* [TASK OBJECTIVE]
Pictures must not appear in the copy. Reproduce exactly, and only, the lines from the one with "Today I am going" through the end of the data below.

* [DATA SHOWN]

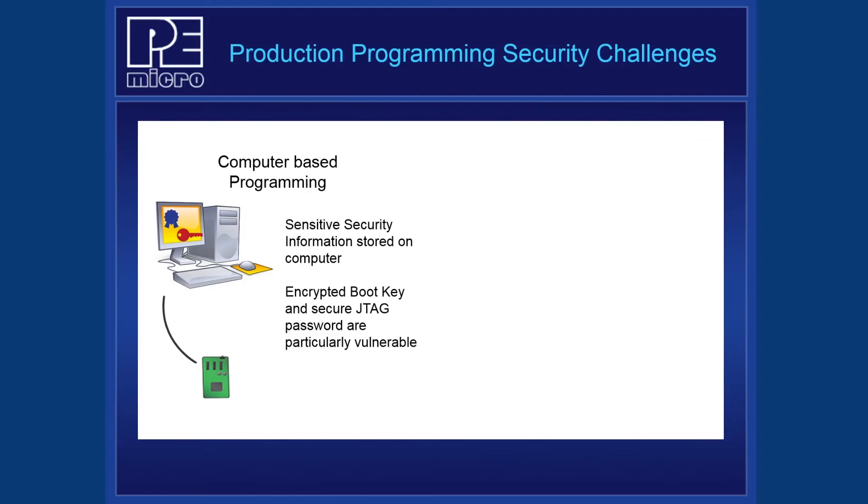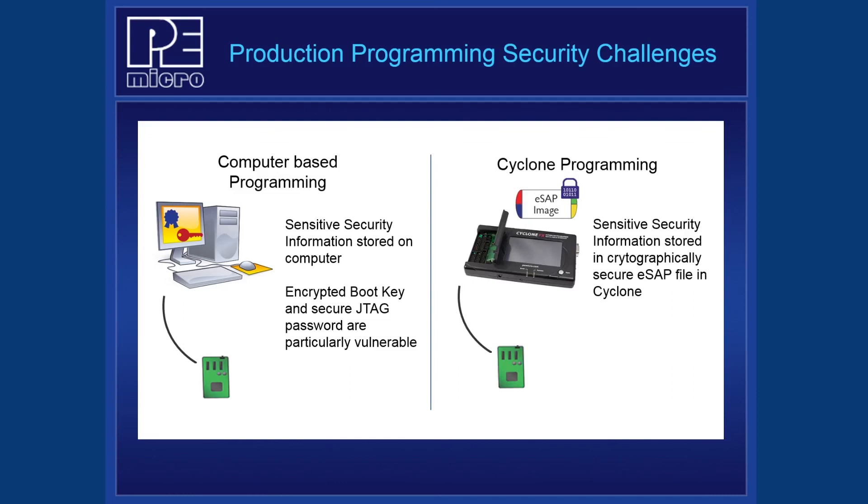Although the previous security options help protect products once they've entered the field, there is an additional security vulnerability during the production programming process itself. In a PC-based programming setup, a computer is used to program the i.MX RT processor by running a batch file or command line utility using USB or UART. This potentially exposes sensitive security values, such as the encrypted boot key or Secure JTAG password, since these values are typically stored in plain format files on the computer. This is particularly important to companies who outsource production programming to third-party contract manufacturers. PEMiCRO Cyclone programmers address this problem by encapsulating all programming operations into a single encrypted SAP file stored onto the Cyclone.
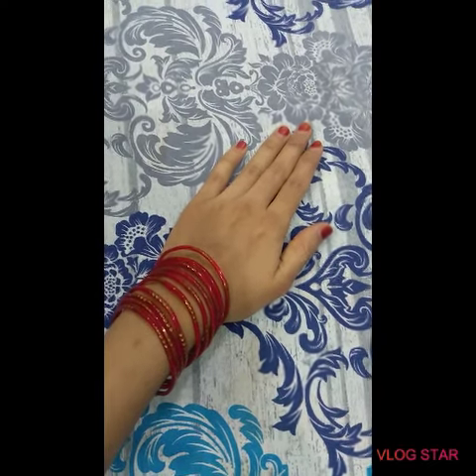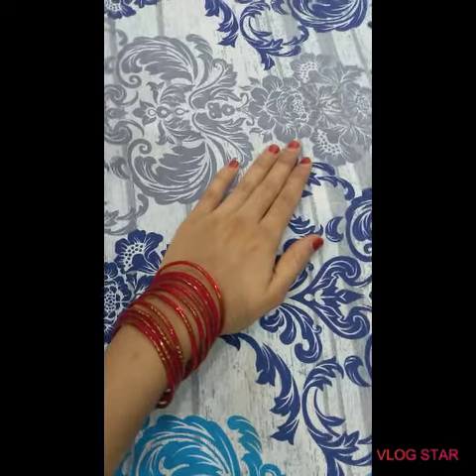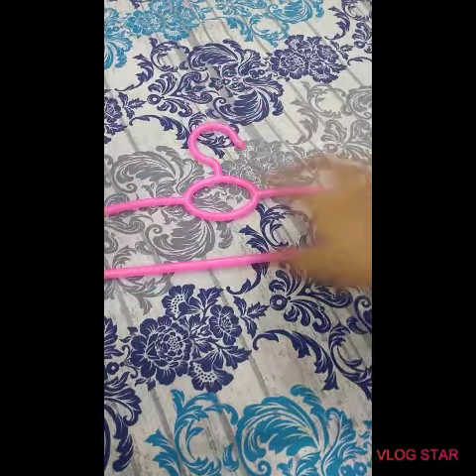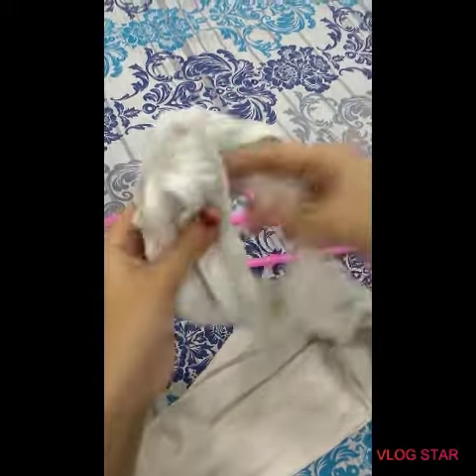Today I am going to show you how to hang your top. Let's see how we hang it — this hanger is put in like this. It makes a lot of sense.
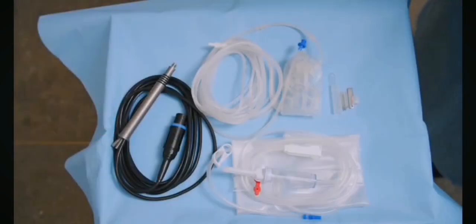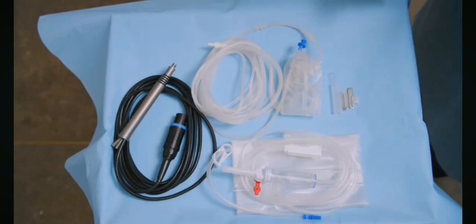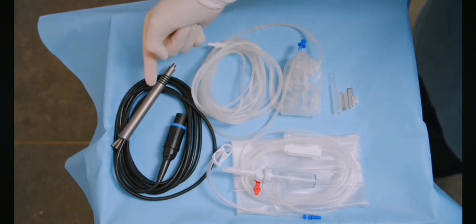Get the handpiece and cassette components ready for setup: FACO tip and accessories, IA cassette with tubing, and FACO handpiece.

* [SOLUTION BELOW]
Today I am going to show you how to hang your top. Let's see how we hang it — this hanger is put in like this. It makes a lot of sense.
Get the handpiece and cassette components ready for setup: FACO tip and accessories, IA cassette with tubing, and FACO handpiece.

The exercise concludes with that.